IT’S STILL MY FAVORITE SHOT!

Since starting my blog nearly five years ago, I have been pleasantly surprised by the wonderful comments I’ve received not only from friends and family, but also from other bloggers who have read my posts from all over the world.  It has been very gratifying!

Yesterday, I received a very different response to my blog. I was introduced to a company called Light. They are a start-up aiming at perfecting a new camera technology that was shared with me along with their Vantage Project on Pinterest.  I was asked to write a story about my favorite photo for their site.

Rather than pondering my options, I immediately decided on my favorite photograph that dates back to 1987.  It’s hard to believe it has been almost thirty years since I captured this shot at the Albuquerque Hot Air Balloon Fiesta!  I was excited to try out my new Canon A-1 (identical to my dad’s beloved camera) and two Tamron zoom lenses.

As a (mostly) self-taught, (mostly) amateur photographer, I shoot photos for my own satisfaction, concentrating on what makes me happiest:  COLOR.  One of my passions is travel photography, and color is like a magnet for me.  I see something colorful, and I am immediately drawn to it.

In Albuquerque at the hot air balloon grounds, I was like kid in a candy store– or, more accurately, me in a chocolate shop!  Color surrounded me, and I didn’t know which way to turn first.  There were literally hundreds of multi-colored hot air balloons in various stages of inflation preparing for a mass ascension into the crystal clear New Mexico skies, and I wanted to see– and, photograph– them all.

Back then, digital cameras and SD cards didn’t exist, and the cost of film and developing was expensive.  I was on a tight budget, so I had to balance being selective with not letting great shots go by uncaptured.  (Wow, how photography has changed…)

The warm hues of this particular balloon grabbed my attention, because of the way they looked so saturated in the early morning light.  The stripes also made for interesting composition– especially since one of my favorite “rules” in photography is the Rule of Thirds:  The Rule of Thirds states that an image is the most pleasing when its subjects or regions are composed among imaginary lines which divide the image into thirds– both vertically and horizontally. (www.cambridgeincolour.com)

 

As I approached the inflating envelope of the hot air balloon, one of the crew opened a flap and invited me to take a peek inside with my camera.  I looked towards the lighter side of the envelope and was delighted to see the shadows of others watching the balloon being inflated from the other side.  The man with the baseball cap grabbed my attention, as did the child who was waving his arms.

One shot is all it took.  I trusted the terrific metering of my new A-1, and I knew the photo I had captured was exactly what I was after:  Saturated color, composition using the Rule of Thirds, texture from the wrinkled fabric of the part of the envelope still bunched up on the ground, and those great shadows.  Other than knowing the photo was shot using my Tamron 28-70 zoom lens with the camera on auto, I haven’t a clue of the technical data.  Who had time to notice?  “Mr.

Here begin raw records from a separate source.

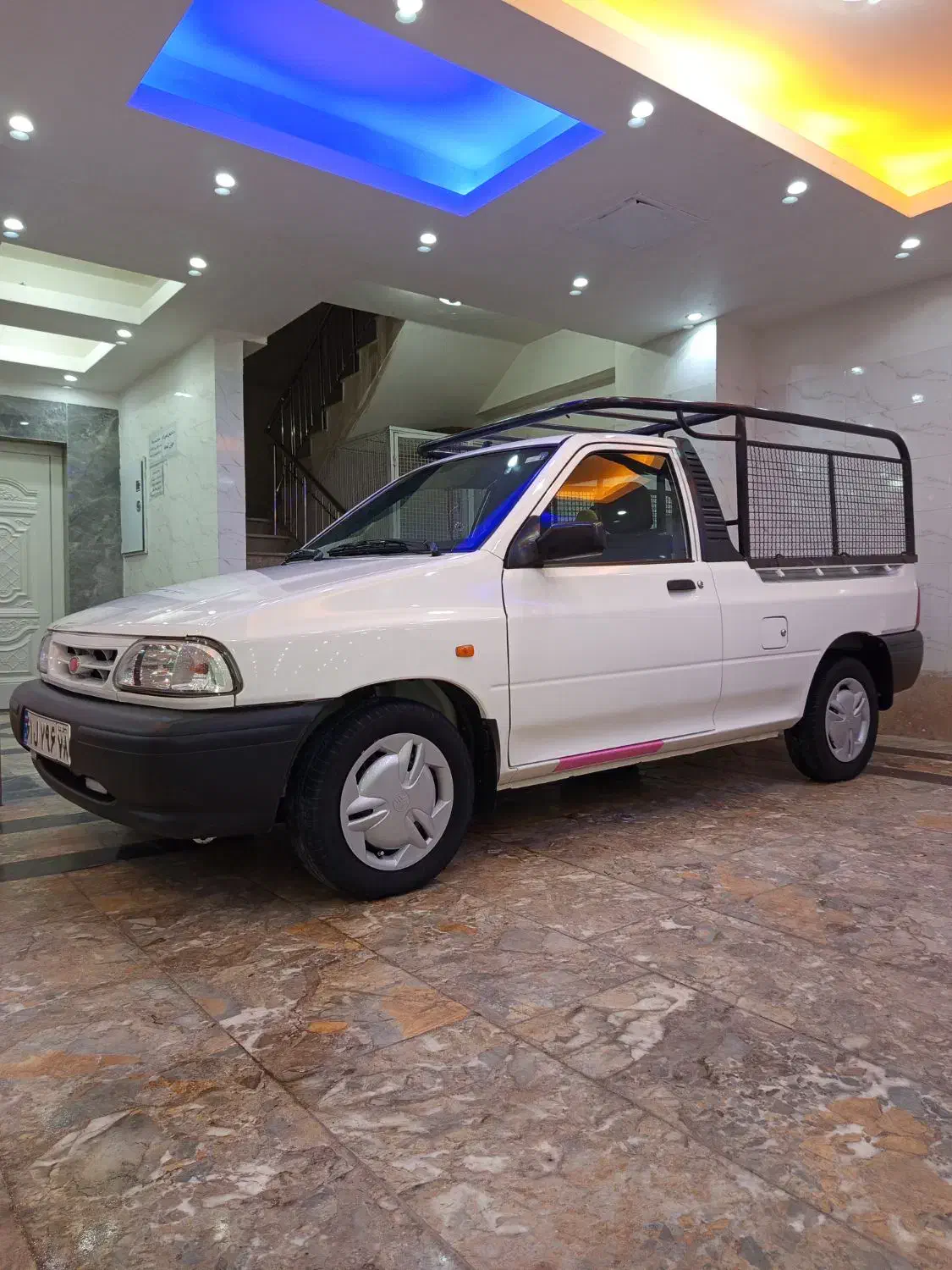 پراید وانت ۱۴۰۲|خودرو سواری و وانت|خاوران, |دیوار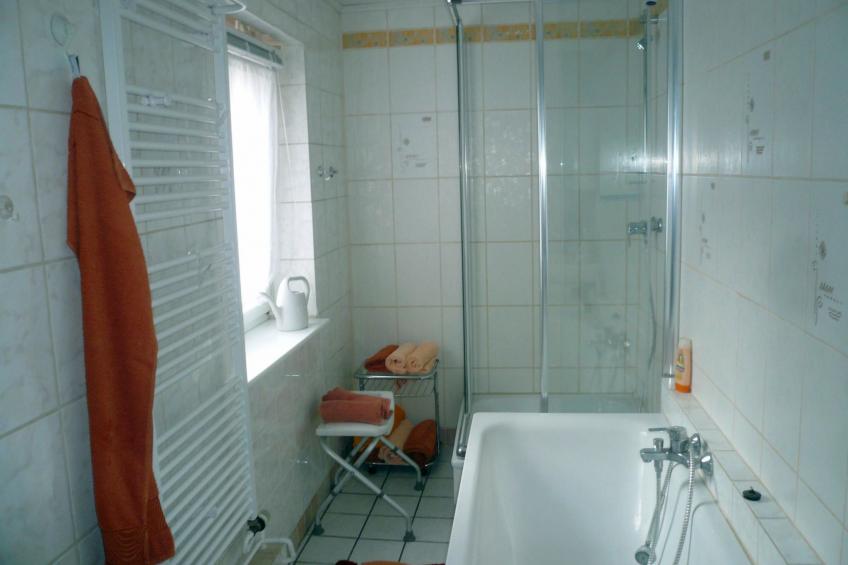 Charmante Wohnung in Dassow mit Terrasse und Grill - foto 10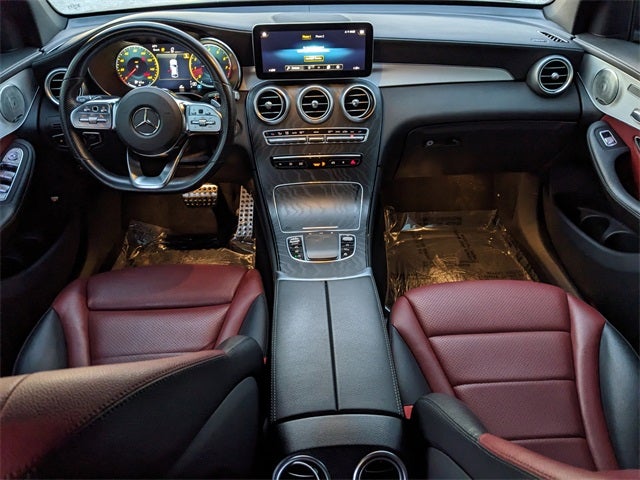 2023 Mercedes-Benz GLC 300 GLC 300 Coupe 4MATIC®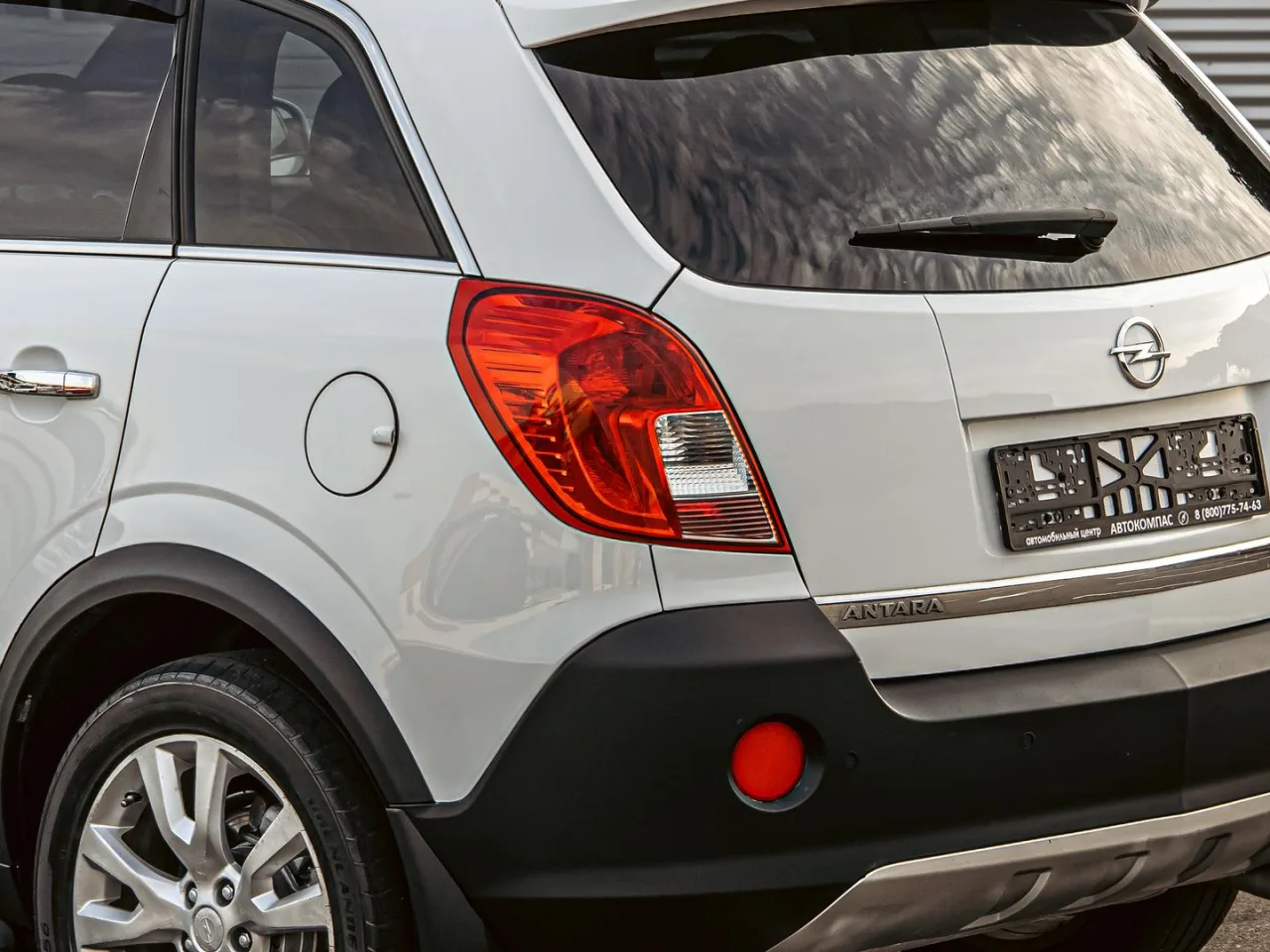 Opel Antara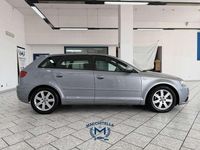 Usata Audi A3 Sportback Ambition 105 CV (77 kW) 2008 Other Utilitaria
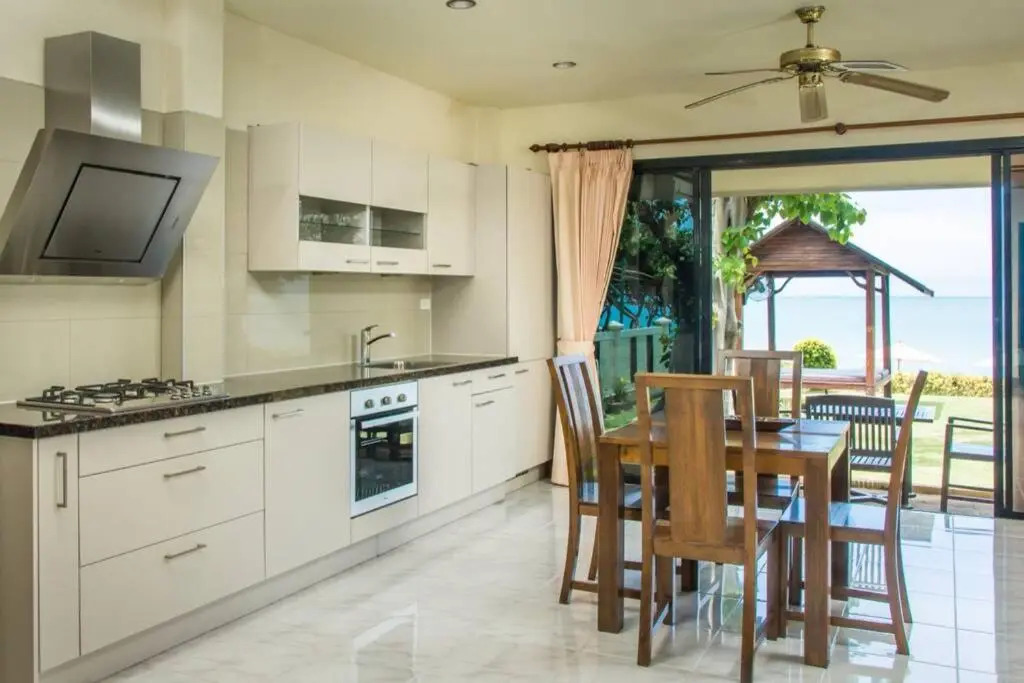 5 Bedroom Beachfront Villa SDV100-By Samui Dream Villas
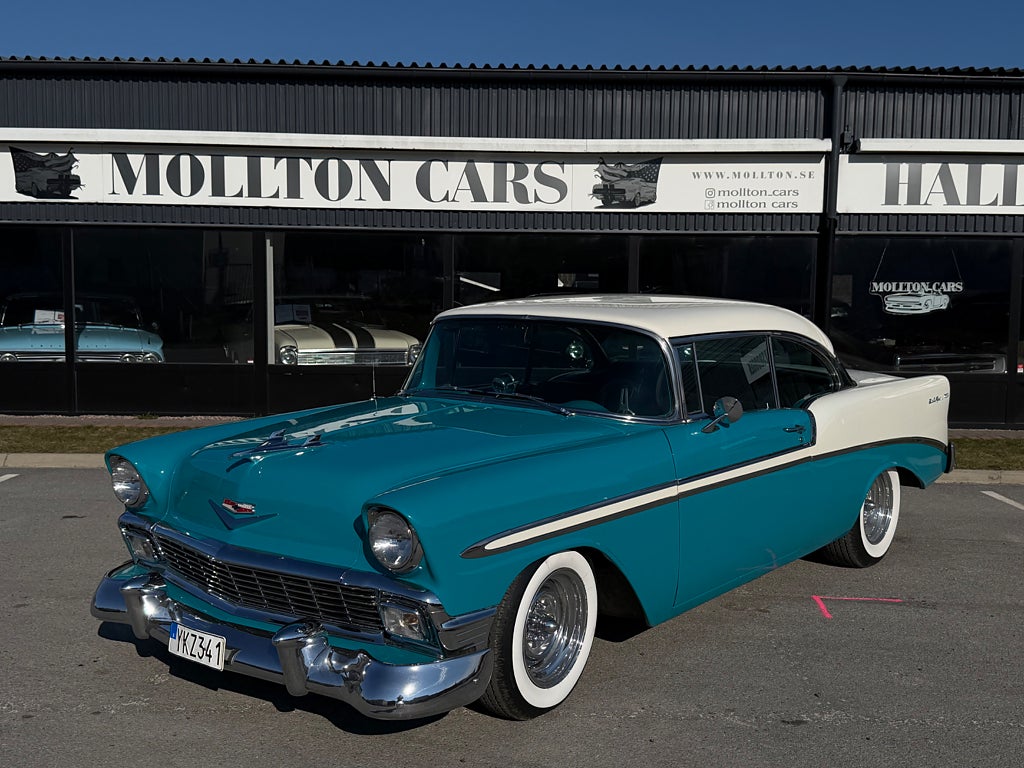 Chevrolet Bel Air Sport Coupé 4.3 V8 Powerglide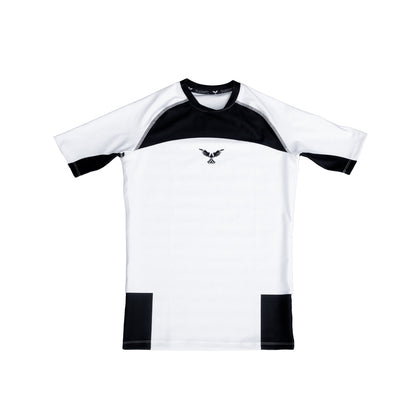 Rashguard RANK Blanca 26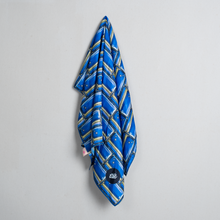 Load image into Gallery viewer, OG Curaçao Flag Gemstone - Kokolishi Scarf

Peanut” was about to launch from the other end of the row, so I made a mad dash in pursuit of my next shot!

At the time, I was sure I would be happy with that photo and others I had shot at the balloon grounds, but I had no idea what the future would bring as a result of my favorite shot.

My dad encouraged me to enter some photo contests with it, so I entered it in the Del Mar (San Diego County) Fair as well as Price Club’s photography contest.  (Price Club is now Costo.)  Much to my surprise, I won “Best in Color” at the fair and Price Club’s grand prize!

Between the video camera I won from Price Club (and sold), and cash prizes won from various contests, that photo netted me more than enough money to pay for all my film, developing, photo albums, and travel for that Albuquerque trip, and more.

After nearly thirty years of incredible travel photography experiences, I would have to say this is still my favorite shot!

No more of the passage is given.